There are four main points of view when it comes to writing fiction: first-person (I, Me, We), the rarely used second-person (You), third-person limited and third-person omniscient (He, She, They).
The point of view through which your story will be told will depend largely on a couple of things, such as, the type of story you want to tell and who will be telling it.
Each point of view will give your narrator a distinctive voice, so it is important to think about whether or not your story works in the one you have chosen.
Writing in the first-person, for some, feels easy and natural because we speak in I, Me, and We.
By using first-person, you are able to help the reader to connect more easily to the character because while they are reading the story, they imagine themselves in that role.

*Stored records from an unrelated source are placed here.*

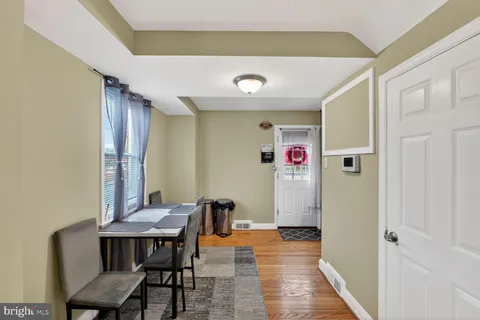 $359,000 | 3525 Essex Road, Gwynn Oak, MD 21207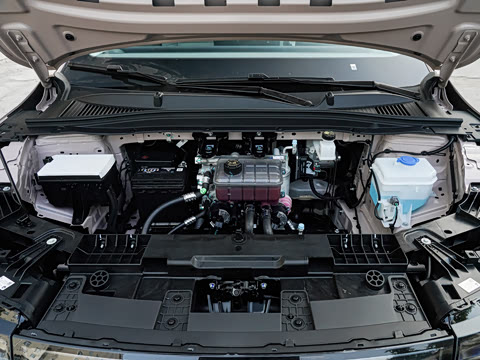 2025�� 550������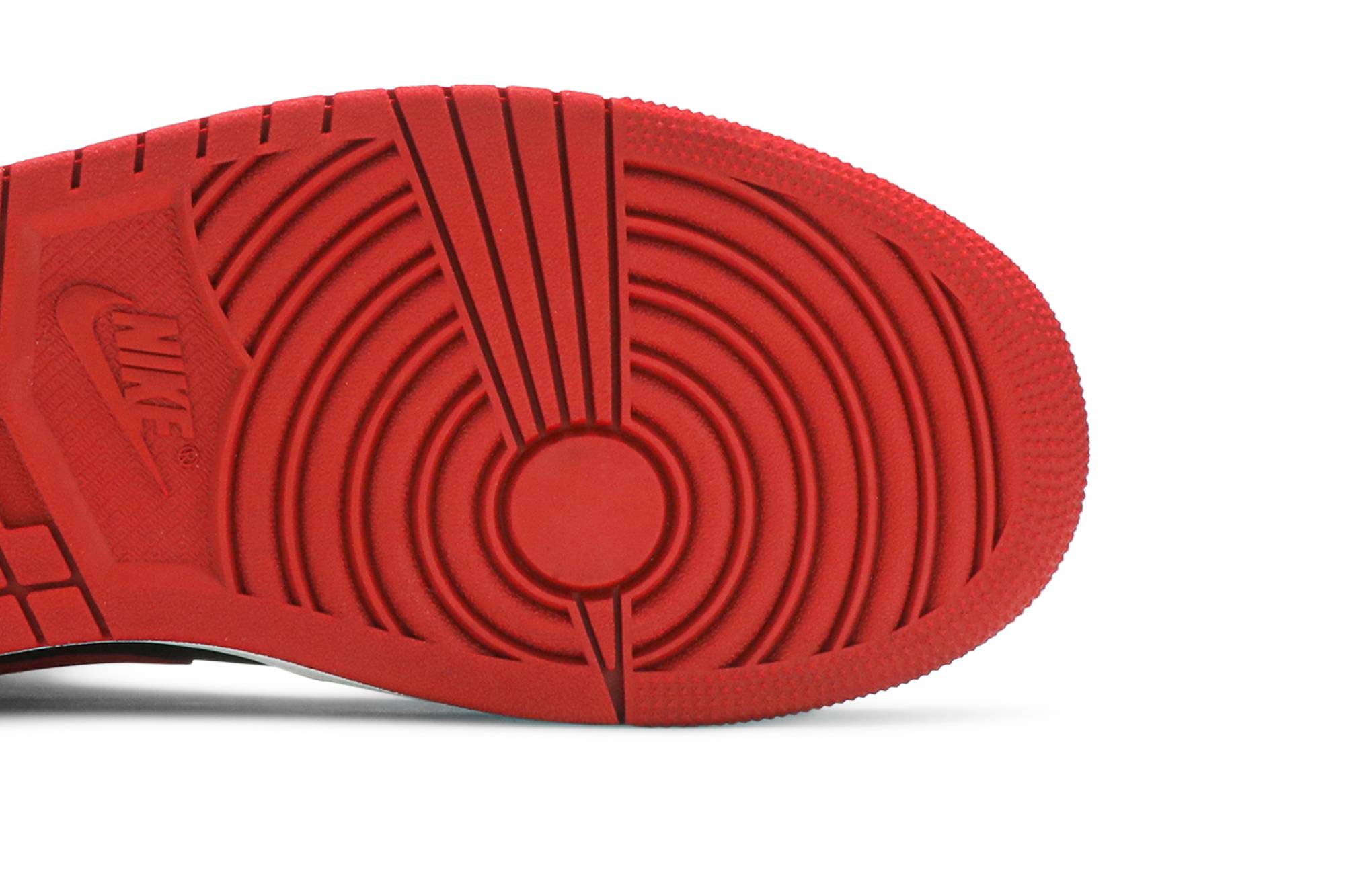 Air Jordan 1 Mid ‘Banned’ 2020 554724-074 Domahi store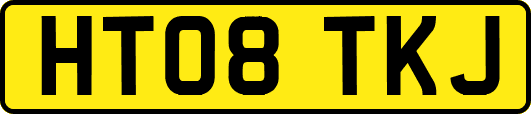 HT08TKJ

A disadvantage of using this point of view is that the main character or narrator can only speak to events they have witnessed or have been told about previously. If they were not ‘on stage’ so to speak for a major event, how would they be able to relay to the reader that it had happened?
Another drawback is that it is harder for the main character or narrator to describe themselves. After all, it would be a little contrived to have them stand in front of a mirror and tell the reader what they look, like unless of course there is a specific reason for doing so in your story.

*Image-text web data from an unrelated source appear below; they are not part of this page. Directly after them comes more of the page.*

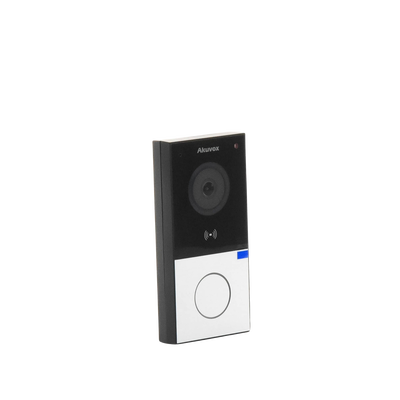 E12W-AD-3-p
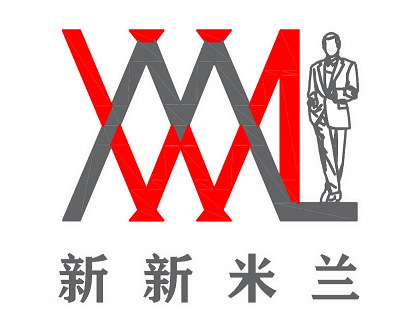 Cao County Xinxin Milan Clothing Co., Ltd.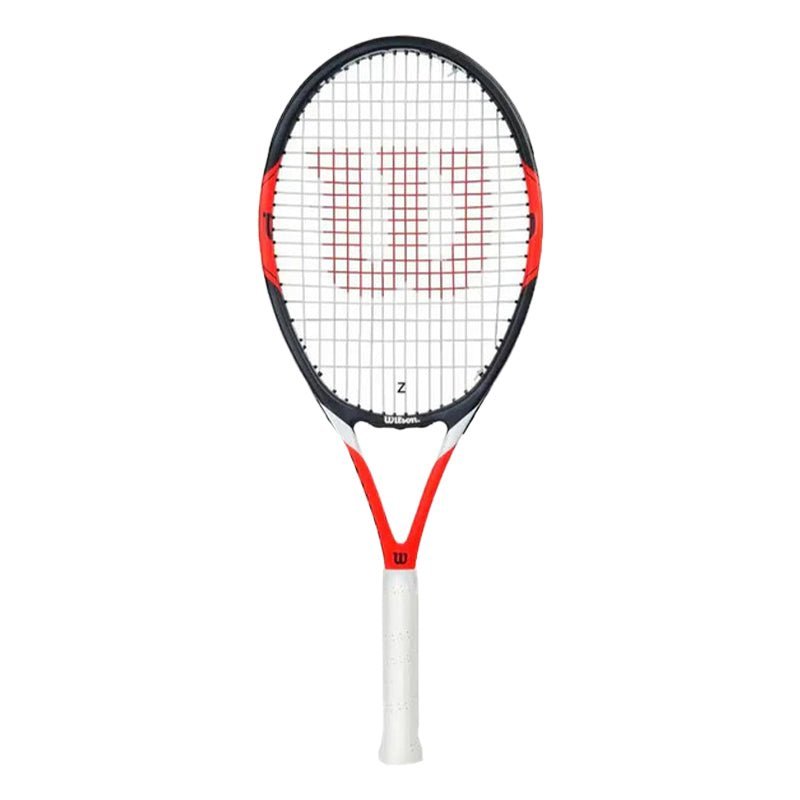 Raqueta de Tenis Wilson Federer Open 103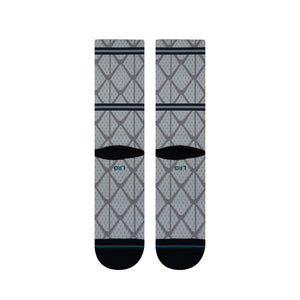 Orlando Magic 2025 City Edition NBA Socks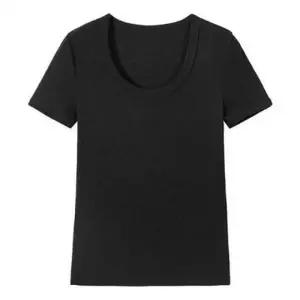 골지 반팔티 여름 티셔츠 캐주얼 6컬러 기본템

Second-person narration is when the main character is ‘you’ as in ‘you run out down the stairs and out of the door, and realise that you have forgotten to brush your teeth.’

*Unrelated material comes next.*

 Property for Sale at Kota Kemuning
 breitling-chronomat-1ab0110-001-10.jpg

This point of view is rarely used because telling a compelling story this way can be extremely difficult, though not impossible as it has been done.
Using second-person narration does give you the option of being different, however, but be aware that it can be jarring to the reader, who is essentially at least on some level, being told that they are doing this or that. It can be enough to pull a reader so far away from the story that they decide to stop reading.
This is probably the most common point of view from which stories are written. Third-person narrative uses He, She, They and character names with the narrator being outside the story looking in. The limited part is in relation to what the narrator has access to in regards to the characters.
In third-person limited, only the thoughts, emotions and experiences of the main character are known to the narrator. Just as in first-person, the main character or narrator cannot know about events that they were not present for.
Third-person omniscient has all the hallmarks of third-person limited, except, instead of knowing only what the main character knows or experiences, this narrator has access to everything. Think of the omniscient narrator as being an all-knowing deity who can know and see everything.
The omniscient narrator can see inside the minds of each and every character and know what they feel and what they want.
The only problem in writing from this point of view is that it can be very easy to ‘head-hop’, that is to jump around too quickly from the mind of one character to the next without allowing the reader time to catch up.
An excellent way to avoid head-hopping is to wait until the end of a scene or a chapter before switching characters, and when you do, begin the scene with a line that will suggest to the reader whose head they are in.
As always, thank you very much for reading, I am grateful for your time.